Product Thinking for Data

By Dr. Chris Harding, Founder and Principal, Lacibus, Ltd, and Dr. Anas Tawileh, Senior Advisory Consultant, AWS


The role of data as a strategic enabler has become increasingly crucial to the long-term competitiveness of organisations. Netflix, for example, is one of the prominent examples of organisations that have successfully leveraged data to strengthen and sustain their competitive market position. One of the company’s many data-driven innovations is its market-leading Recommendations System that uses machine learning technologies to provide personalised recommendations that Netflix viewers will most likely enjoy. This system is so successful that it is estimated to create more than $1 billion in business value per year according to Netflix’s Chief Product Officer Neil Hunt.

Similar examples abound of organisations that were able to successfully unleash the potential of their data assets to create significant business and customer value, and several studies seem to confirm this trend. A recent study published by McKinsey & Company found that data-driven companies outperform their competitors by 20%. In this sense, it can be argued that the innovative use of data to create and sustain competitive advantage is a true game changer. It will generously reward organisations that understand the potential, adopt the right mindset, and build the required capabilities to enable these innovations. 
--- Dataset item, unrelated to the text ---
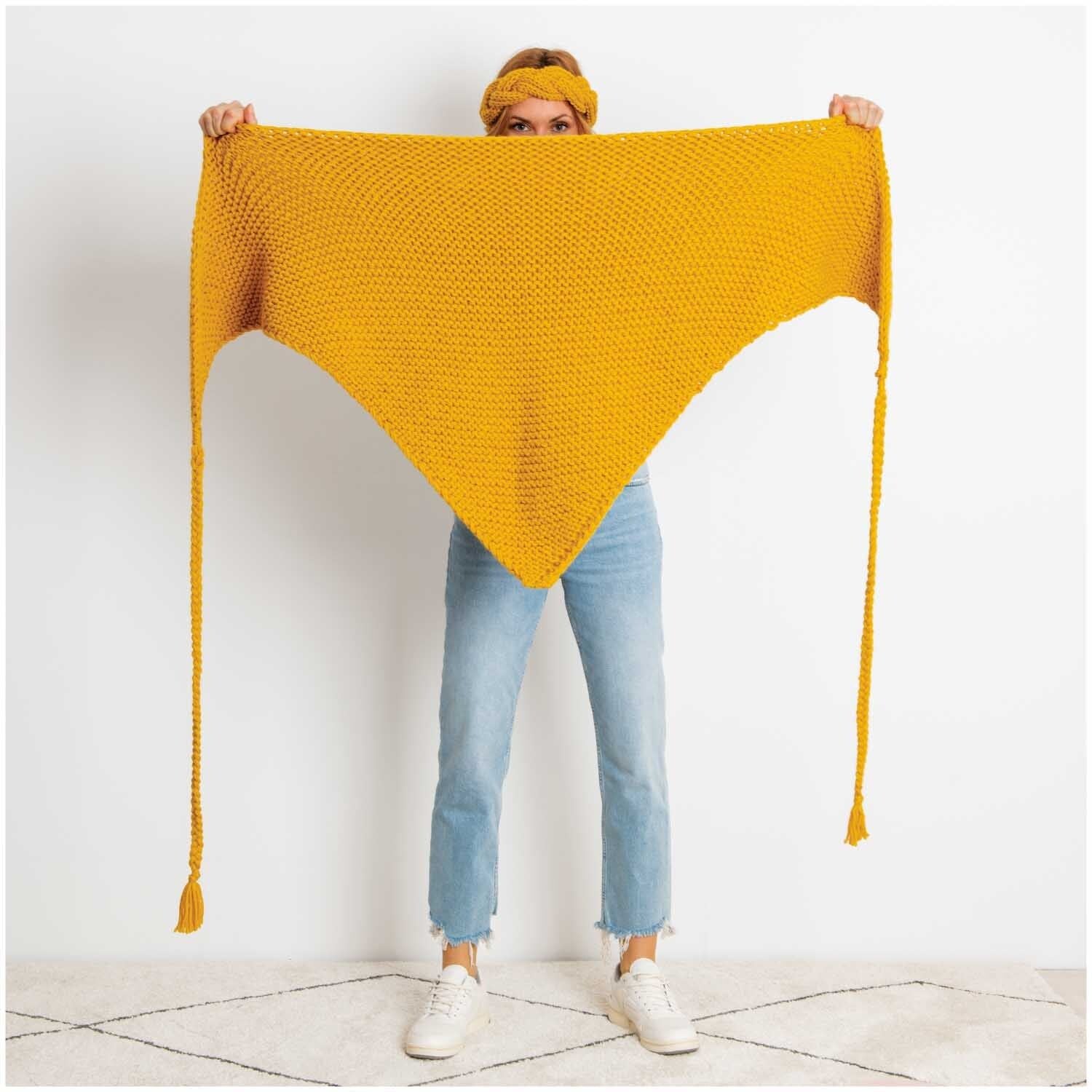 Rico Design Essentials Mega Wool Chunky Wolle Senfgelb – 100 g, 115 m, Nadel 6 mm, 55% Schurwolle/45% Polyacryl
As these trends accelerate and continue to skew the competitive balance in favour of data-driven organisations, business executives and strategists seek answers to many emerging questions: What do we need to do to be able to successfully transform into a data-driven organisation? What skills, capabilities and relationships should we develop to drive this transformation? How can we assess the potential of our data assets to create new business and customer value?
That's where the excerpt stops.